Gallery

Figurative Sculpture

I have always found myself drawn to sculpting the human body, whether in a raised hand, or a whole figure.  The figure is both intimate and universal, in the way it conveys intent and emotion, history, injustice, hope, longing or any other combination of thousands of emotions we go through every day as human beings.

I also find that the human form often brings out the strongest reactions from observers.  We quickly relate to figures, whether they are strictly representational or abstract.  We resonate with the silence of the figure, or the position of the hand, or the tilt of the head, because we have been there too.  We see ourselves reflected in the art, sometimes as a matter of hope, or shame, or where we wish we could be, or where we know we will never go back.

Figurative Drawing

I have been practicing figure drawing, both "Drawing from Life" and occasionally from photos, for several years. I've found that drawing the figure, especially from a live model, helps me develop a deeper understanding of the figure -- a skill which transfers well to my sculpture work. I have also started experimenting with watercolors, adding them to my drawings

Work in Progress

This collection is of pieces in various stages of completion.
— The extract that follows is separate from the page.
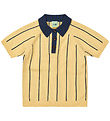FUB Polo - Vanilla/Dark Dökkblátt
Often, seeing another artists' unfinished pieces can give me an element of visibility into the artist's creative process, a way to understand the twisting path the artist and art take before they reach the final destination where the viewer typically sees it.

Other Sculpture

In addition to figure work, there are many other themes that I have followed, pathways I have explored.  Some of these are are vessels, or what you would traditionally think of as “pottery” or functional work.  Some are much more along the line of the abstract, or depicting other forms, objects or ideas.  Some are purely whimsical, letting my imagination wander back through the pathways of fantasy and story, remembering what it was like to be a child again.

“Here be Dragons…”

Sketch Book

One of the things I have learned is to always carry my sketchbook wherever I go.  My sketchbook has become my notebook, journal, a way to remember ideas, a way to reflect the things I see around me.  I am wired as a "visual" thinker, and often experience and learn about the world around me through the use of images.  Having a sketchbook handy at all times allows me to capture those ideas.